Dans les hôpitaux, ils sont parfois sollicités pour pacifier les relations quand des musulmans ne veulent pas être auscultés par un médecin du sexe opposé.


La loi de 1905 sur la laïcité, qui organise la séparation des Églises et de l’État, interdit à la République de salarier des religieux mais organise une exception, les aumôneries, pour "garantir la liberté de culte" dans les milieux fermés (prison, hôpitaux, internat...).
Près d'un siècle plus tard, aucune aumônerie musulmane n'a émergé bien que l'islam soit devenu la deuxième religion de France avec 2,1 millions de fidèles "déclarés", selon l'Institut national de la statistique et des études économiques (Insee).


En 2003, un rapport officiel sur la laïcité recommandait de recruter des aumôniers musulmans dans les prisons et l'armée. La même année, la création du Conseil français du culte musulman (CFCM) donnait un interlocuteur à l’État et permettait de nommer en 2005 les premiers aumôniers nationaux aux armées et aux prisons, puis aux hôpitaux en 2006.

40% des détenus font le ramadan
Les progrès ont ensuite été rapides. Il y a actuellement 152 aumôniers musulmans salariés dans les prisons et 30 postes supplémentaires sont annoncés d'ici fin 2014. L'armée en emploie 38 et l'Assistance publique-Hôpitaux de Paris (AP-HP) douze, mais seulement trois à temps plein.

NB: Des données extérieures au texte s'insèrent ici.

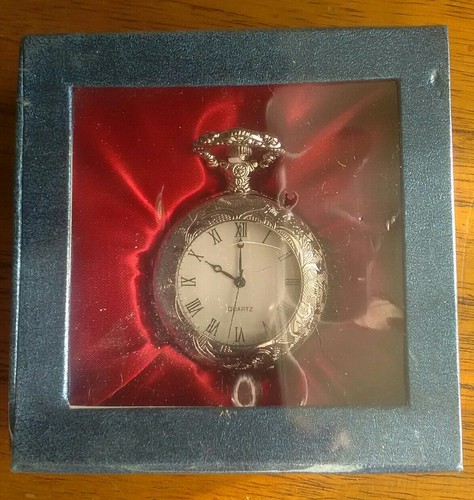 Hachette classic pocket watch - hachette,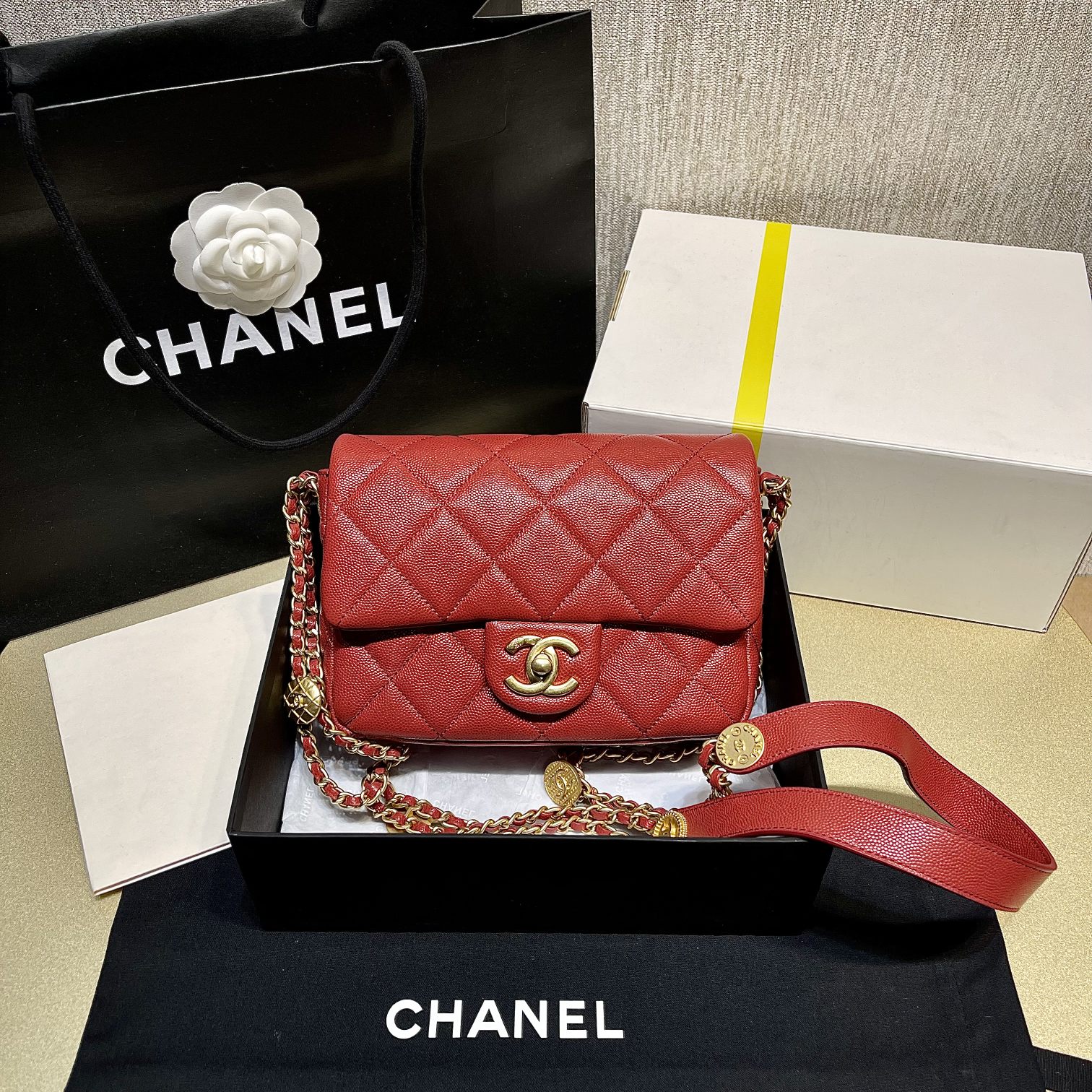 Bagsaaa Ch**el Red Flap Bag - 21X14.5X6cm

"On devrait être trois fois plus", estime toutefois Abdelhak Eddouk, aumônier musulman à la maison d'arrêt de Fleury-Mérogis, près de Paris, en rappelant que selon le contrôleur général des prisons, 40% des détenus font le ramadan.
"Il ne faut pas se précipiter pour rattraper notre retard", ajoute-t-il néanmoins, soulignant l'importance de recruter des aumôniers dotés d'une formation solide.
"Pour lutter contre la radicalité, il faut connaître la théologie mais aussi la langue, l'histoire et les lois de la France", dit-il.


Actuellement, il n'existe qu'une formation pour les aumôniers musulmans, répartie entre l'Institut al-Ghazali de la Mosquée de Paris et l'Institut Catholique de Paris.
Mohammed Azizi, aumônier à l'AP-HP, a suivi ce cursus. Il voudrait continuer à se former sur les enjeux spécifiques à l'hôpital "pour comprendre les règles d'hygiène, la psychologie de l'écoute, les enjeux des dons d'organes...".


De leur côté, les aumôniers militaires sont en train d'organiser une formation continue en interne, précise Mohamed Ali Bouharb, aumônier en chef adjoint à l'armée de terre.
Pour lui, les aumôniers de l'armée ont la structure la plus organisée. "L'armée a créé une forme de cléricat musulman: on a un chef, rattaché à l'état-major, quatre adjoints pour chaque corps, des aumôniers régionaux par zones de défense." "Nous sommes une expérimentation pour les pouvoirs publics", dit-il. "Nous pourrions baliser les moyens d'encadrer l'islam de France."